Rosemary Lloyd,
Rudy Professor of French and Italian
Indiana University, Bloomington
Commentary
Set before us here is a universe created by memories, filling the air with words, so that images unfold from recollections to a rhythm of waves beating regularly in the mind, a long expanse of vision followed by a short throb of the senses, the rhythm of wing beats through the skies of summer. Yves Peyré’s poetry draws strength from the ability to convey a sense of powerful control mastering intense surges of creativity driven by memory. That sense of contrast in both the verbal and the visual ties together poetry and picture to form a whole as seamless as this extraordinary book itself, where the accordion folds of the richly textured paper offer an instantly graspable symbol of unity. A meditation on time and being, Peyré’s poetry transforms simple seaside memories into symbols of great beauty and power—the spiral of the ammonite, for instance, tracing in miniature the sweep of time from geological antiquity to the poet’s future, just as entire cityscapes can suggest themselves in the curve of a fruit and just as the sound of the sea in a spiral shell sings of loss and suffering, of the dissolution of the self followed by the self’s reconstitution through conscious acts of memory. The loss of self either through that abandonment of the senses to the chaos that leads to vertigo or to that failure of language to find the exact terms needed, a failure disparagingly summed up here as “murmuring,” is countered by the artist through the fine balance of geometrical shapes and free forms, of stasis and constantly suggested mobility, and by the poet through a determination to “snatch fragility and build consistency / deep inside this dizziness.” While memory is a dominant trope in the book—the poet’s memories of Venice, the reader’s sense of pattern created by repeated images, the artist’s evocation of memory through designs that mirror and reconstitute each other—memory is always the handmaid of creativity, what allows us to value the present by “testing the weight / of vapor and stone” and to forge our own future, drawing back the “folds of light / to take anew the path of tomorrow.”

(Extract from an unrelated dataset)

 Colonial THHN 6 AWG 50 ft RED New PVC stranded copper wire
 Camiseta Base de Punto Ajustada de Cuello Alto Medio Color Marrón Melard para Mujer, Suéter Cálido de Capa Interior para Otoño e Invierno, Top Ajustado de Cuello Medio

Relatively few contemporary French poets find their works made accessible to American readers, either in the original or in translation. Felicia Rice deserves our special thanks both for bringing to our attention such a sensitive and visual poet as Yves Peyré and for creating such a vibrant artists’ book around a parallel publication of five of his poems. Close friend and sensitive critic of many poets, a specialist, too, of the nineteenth-century poet Stéphane Mallarmé, Peyré is a writer whose verse is informed not only by the traditions of the last two hundred years, but also by the avant-garde experiments of more recent poetry, especially perhaps that of Henri Michaux and André du Bouchet. In Cosmogonie intime, for example, he uses a verse form that recalls those of the past while remaining personal, a form marked by the alternation of a long line and a short line. These, moreover, are poems which through the apparent simplicity of their vocabulary and the visual beauty of their images participate in the more general return of contemporary French poetry to lyricism.

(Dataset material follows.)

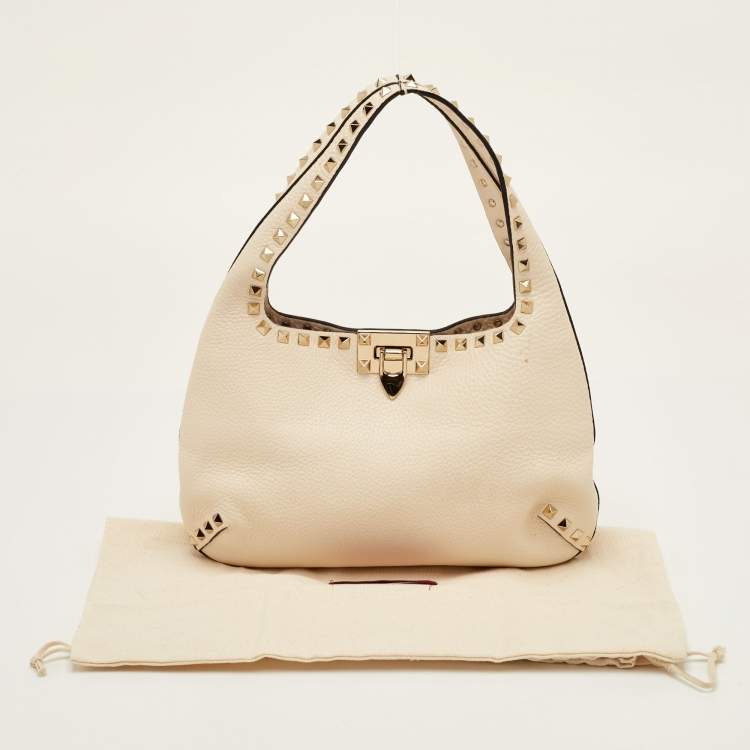 Pre Owned Valentino Rockstud Small Cream Leather Flip Lock Hobo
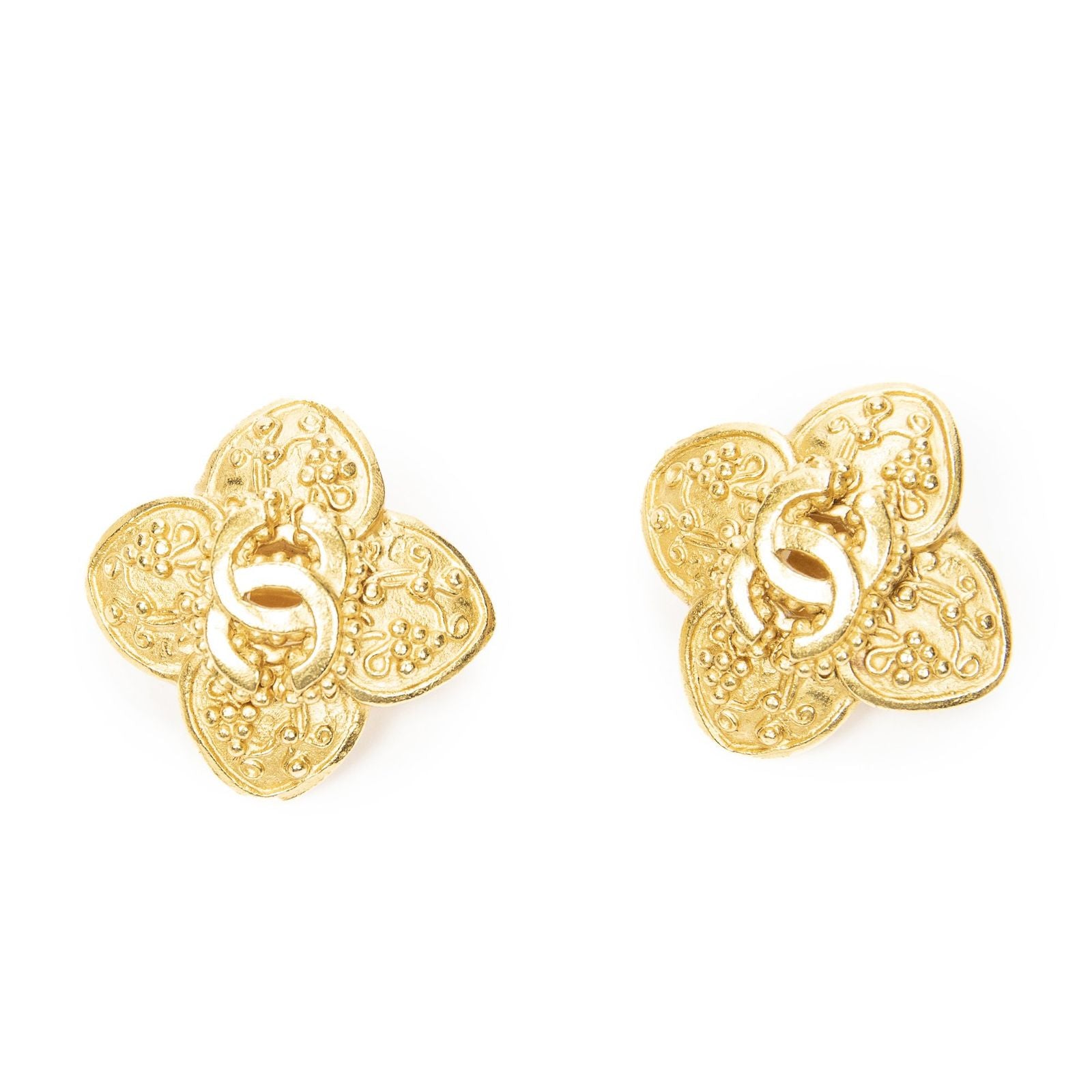 Chanel CC Clover Dangle Clip on Earrings Gold Plated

Yves Peyré has long worked with visual artists on the creation of books in which poetry and painting find a perfectly balanced partnership. He is also the author of an extensive and stimulating exploration of French artists’ books from the 1870s to the end of the twentieth century, Peinture et Poésie. Here, together with his longtime translator Elizabeth Jackson, bookmaker Felicia Rice and Rice’s artist father Ray Rice, he has created yet another superb example of what can happen when poet and painter, bookbinder and printer all share a vision that draws in equal part on the sensual and the cerebral, the visual and the verbal. In this case the end result is a re-creation of the cosmos that is both intimate and universal, as capable of conveying the familiar pleasures of the still life as it is of tracing out a chronicle of an unknown future.
Rosemary Lloyd
Rudy Professor of French and Italian
Indiana University, Bloomington
Rosemary Lloyd was educated at the universities of Adelaide, Australia (MA 1972) and Cambridge, England (Ph.D., 1978: Litt.D, 2002). She was elected to a fellowship at New Hall Cambridge in 1978 and was appointed to the faculty of Cambridge University’s French Department in 1979. She joined IU in 1990 and chaired the Department of French and Italian from 1995 to 1998. She specializes in nineteenth-century poetry and narrative, and in the interrelationship of the arts, especially poetry and painting.

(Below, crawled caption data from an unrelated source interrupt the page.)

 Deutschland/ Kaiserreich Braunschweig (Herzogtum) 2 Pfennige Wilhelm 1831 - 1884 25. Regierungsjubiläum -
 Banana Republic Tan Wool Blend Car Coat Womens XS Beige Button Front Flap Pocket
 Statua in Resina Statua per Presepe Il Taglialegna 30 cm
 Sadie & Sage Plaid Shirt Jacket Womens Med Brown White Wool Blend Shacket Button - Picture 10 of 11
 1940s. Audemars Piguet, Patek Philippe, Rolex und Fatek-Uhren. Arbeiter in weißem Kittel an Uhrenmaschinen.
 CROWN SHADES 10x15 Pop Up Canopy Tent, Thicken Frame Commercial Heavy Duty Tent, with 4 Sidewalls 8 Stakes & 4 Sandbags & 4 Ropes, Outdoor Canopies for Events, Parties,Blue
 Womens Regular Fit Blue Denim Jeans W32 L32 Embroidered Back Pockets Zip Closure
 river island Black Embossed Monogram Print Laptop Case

Although she is best known as a scholar of Stéphane Mallarmé, she has also published monographs, editions and translations focusing on Charles Baudelaire, Théodore de Banville, and Gustave Flaubert. Her interest in comparative literature is evidenced in her monographs on the literary representation of childhood and on jealousy as a narrative strategy. She is passionately interested in teaching literature in general and poetry in particular, and is producing a cd-rom destined to facilitate students’ enjoyment of French poetry in its cultural and historical context. She has held fellowships from the Leverhume Foundation, the Camargo Foundation, the National Endowment for the Humanities, and the Guggenheim Foundation, and serves on numerous editorial boards.